Data for review:
+++
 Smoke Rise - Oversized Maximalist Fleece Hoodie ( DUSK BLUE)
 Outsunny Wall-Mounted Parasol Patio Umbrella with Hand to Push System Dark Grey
+++
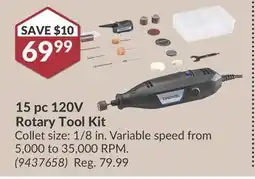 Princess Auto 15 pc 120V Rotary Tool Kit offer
+++
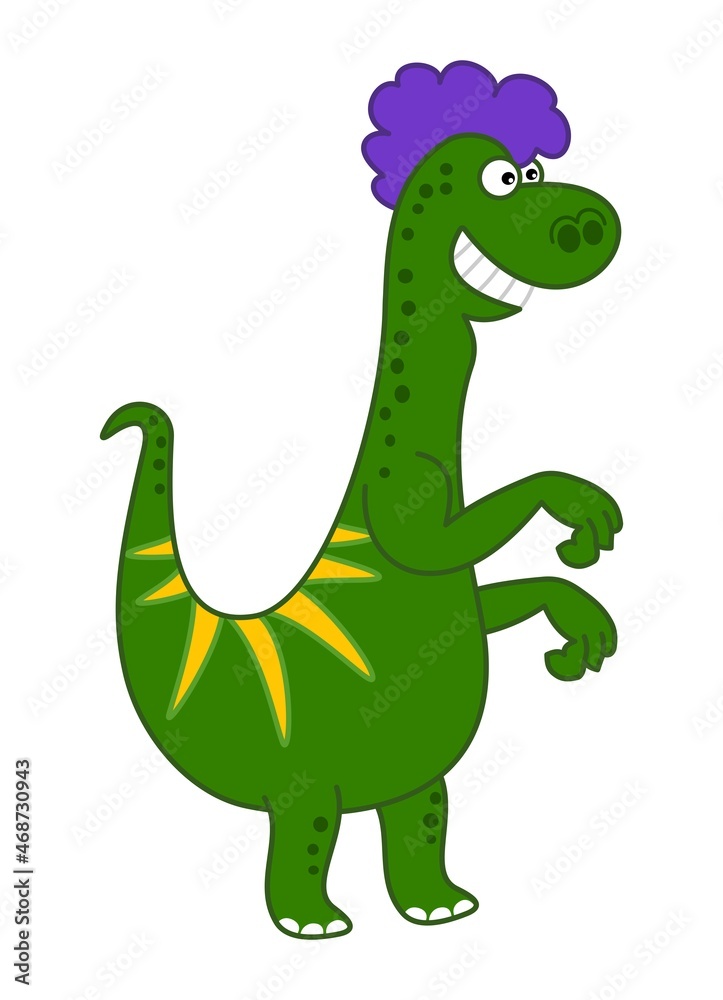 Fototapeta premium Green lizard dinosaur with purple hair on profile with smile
+++
Directions: Every line above from the line with "Smoke Rise - Oversized" to the line with "Outsunny Wall-Mounted Parasol", both included, must be reproduced exactly, and no other line may appear.

Completed task:
 Smoke Rise - Oversized Maximalist Fleece Hoodie ( DUSK BLUE)
 Outsunny Wall-Mounted Parasol Patio Umbrella with Hand to Push System Dark Grey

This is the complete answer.